Segundo Bonamassa, antes de comprar qualquer instrumento, ele se pergunta: “Se essa guitarra não valesse absolutamente nada no futuro, eu ainda a amaria e continuaria tocando?”
“Se a resposta for sim, você está no caminho certo”, afirmou o guitarrista em entrevista à Guitar Player. “Essa é a guitarra dos seus sonhos.”
Uma coleção construída para tocar
Recentemente, Bonamassa revelou que pretende desacelerar sua busca por novos equipamentos. Depois de décadas colecionando instrumentos, ele afirma ter chegado a um ponto de saturação e prefere redescobrir os timbres das guitarras que já possui.
Sua coleção reúne peças históricas, como diversas Gibson Les Paul Burst originais, Fender Stratocaster em acabamentos raros, a lendária “Bolin Burst”, de Tommy Bolin, e uma Gibson Flying V Korina 1958, adquirida por mais de US$ 400 mil.
Apesar do valor desses instrumentos, Bonamassa faz questão de destacar que eles não permanecem guardados.
“Eu toco tudo o que tenho. Não gosto da ideia de deixar guitarras expostas apenas como decoração.”
O valor não está na etiqueta
Para Bonamassa, o maior erro de muitos colecionadores é enxergar guitarras apenas como investimento financeiro.
Segundo o músico, o critério mais importante é a conexão que o instrumento desperta no guitarrista, independentemente do preço ou da fama do modelo.
Ele explica que a guitarra ideal pode ser tanto uma raríssima Les Paul vintage quanto um instrumento simples, desde que inspire seu dono a tocar.
“Se a guitarra dos seus sonhos for uma Harmony Rocket de 1965 toda detonada, que passou por um incêndio e uma enchente, então essa continua sendo a guitarra dos seus sonhos.”
Uma filosofia acima do mercado
A declaração resume a forma como Bonamassa encara sua coleção.

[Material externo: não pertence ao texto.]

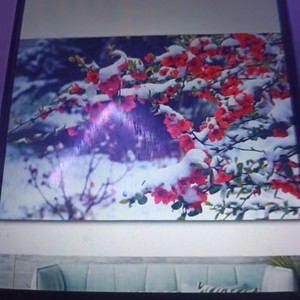 满天雪花相思泪 (合唱版)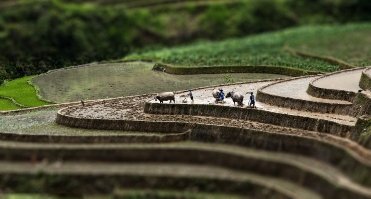 Walking among the spectacular rice-terraces in Northern Vietnam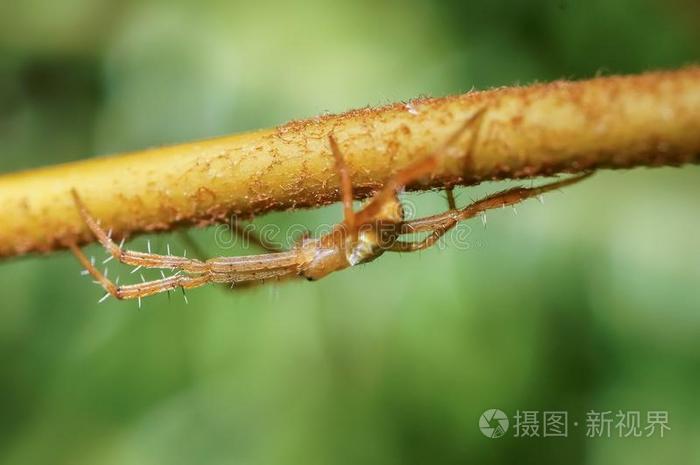 猞猁蜘蛛采用猫蛛科家庭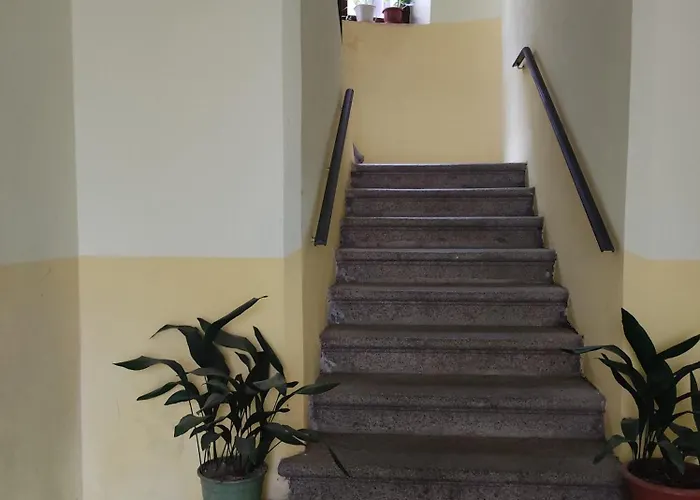 公寓 Serra's House 塞拉圣布鲁诺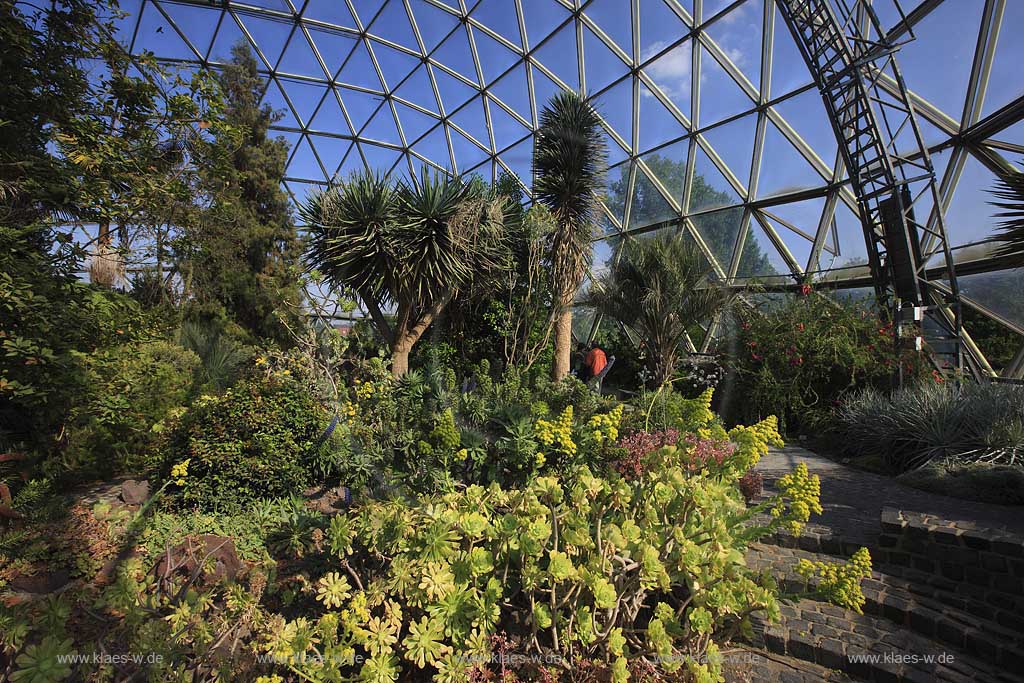 Wersten, Dsseldorf, Duesseldorf, Blick in Gewaechshaus, Gewchshaus des Botanischen Garten der Heinrich Heine Universitaet mit Glaskuppel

Mesmo sendo proprietário de alguns dos instrumentos mais cobiçados do mercado, o guitarrista acredita que o verdadeiro valor de uma guitarra está na vontade que ela desperta de continuar sendo tocada.
Para ele, o melhor investimento não é aquele que promete maior retorno financeiro, mas o instrumento que continua fazendo sentido mesmo que seu valor de mercado um dia desapareça.